# Permutation testing for differential expression analysis

Permutation testing is a pretty common non-parametric statistical test used to test how unlikely a particular outcome is. It involves calculating a statistic of interest from your data, followed by several rounds of randomly shuffling sample labels and recalculating the test statistic. Observing the proportion of times a random outcome is as extreme as the originally calculated outcome helps to get a sense for how likely that outcome is the result of random chance.

I’ve recently been involved in an RNA-Seq analysis, particularly looking at differential expression in paper wasps. With 6 biological replicates each from 2 different castes (queens and workers), I measured expression values and used these to identify genes expressed differentially between the castes. There were a few concerns with the preliminary analyses, so in addition to exploring the data in a bit more depth we also wanted to test the reliability of the analysis I had just done. Enter the permutation test.
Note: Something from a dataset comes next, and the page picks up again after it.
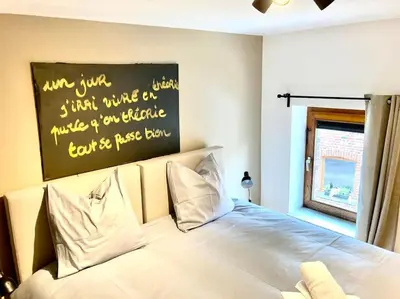a bedroom with a white bed with a sign above it at Le Val du Cossart by WelcHome in Verviers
The idea here is simple. The first step is to run the differential expression analysis with the correct sample labels (which I already did). Next, randomly shuffle the sample labels so that some “queen” samples are labeled “worker” and vice versa. Now, run the differential expression analysis again and note the number of genes designated as differentially expressed. Then simply repeat the label shuffling and re-analysis enough times to get a good idea of what’s going on.

The expectation is that if I label some of my “queens” as “workers” and some of my “workers” as “queens”, and then try to look for consistent queen-vs-worker differences in gene expression, the mislabeled samples will cancel each other out to a large extent and confound the analysis. Due to technical and biological variation, we expect to still identify *some* differentially expressed genes even with shuffled labels, but nowhere near the number we identify when using the correct labeling. If random permutations of the sample labels frequently produce similar number of differentially expressed genes as the correct labeling, there may be issues with the data that need additional attention. This was the case with my analysis, and I wonder how many scientists out there conduct RNA-Seq experiments without doing such basic quality assessment as this.

The script I implemented to facilitate permutation testing for my RNA-Seq analysis is available at https://github.com/standage/dept. The good news is that many of the most popular differential expression analysis packages are freely available from R/Bioconductor and use a similar input format, so if your data are already formatted for differential expression analysis there’s a good chance this script will work out-of-the-box for you.